TASK
Scan the records below for the line with "21423 Waterview Drive, Roland, AR 72135" and the line with "حادث مأساوي في". Repeat those two lines and every line between them exactly, and nothing else.

AVAILABLE DATA
# # #

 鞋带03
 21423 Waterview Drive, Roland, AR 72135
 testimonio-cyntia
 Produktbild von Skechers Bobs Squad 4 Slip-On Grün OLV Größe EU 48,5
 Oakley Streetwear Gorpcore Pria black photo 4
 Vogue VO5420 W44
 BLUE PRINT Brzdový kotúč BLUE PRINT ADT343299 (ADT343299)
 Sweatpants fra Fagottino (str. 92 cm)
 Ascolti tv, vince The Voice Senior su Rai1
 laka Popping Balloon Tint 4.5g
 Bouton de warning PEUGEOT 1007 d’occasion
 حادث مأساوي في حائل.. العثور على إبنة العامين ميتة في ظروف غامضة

# # #

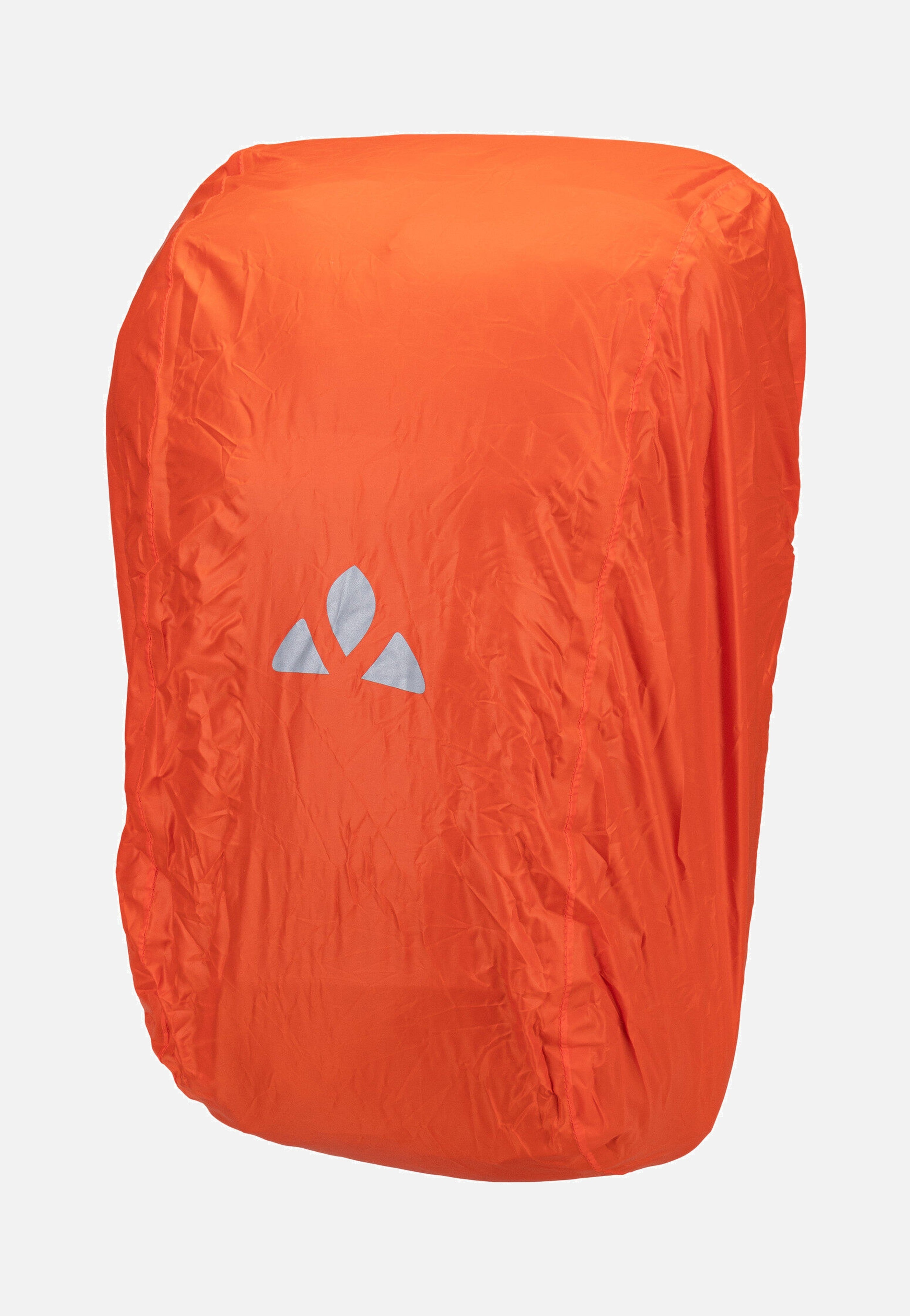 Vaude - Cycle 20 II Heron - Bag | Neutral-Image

# # #

SOLUTION TO THE EXERCISE
 21423 Waterview Drive, Roland, AR 72135
 testimonio-cyntia
 Produktbild von Skechers Bobs Squad 4 Slip-On Grün OLV Größe EU 48,5
 Oakley Streetwear Gorpcore Pria black photo 4
 Vogue VO5420 W44
 BLUE PRINT Brzdový kotúč BLUE PRINT ADT343299 (ADT343299)
 Sweatpants fra Fagottino (str. 92 cm)
 Ascolti tv, vince The Voice Senior su Rai1
 laka Popping Balloon Tint 4.5g
 Bouton de warning PEUGEOT 1007 d’occasion
 حادث مأساوي في حائل.. العثور على إبنة العامين ميتة في ظروف غامضة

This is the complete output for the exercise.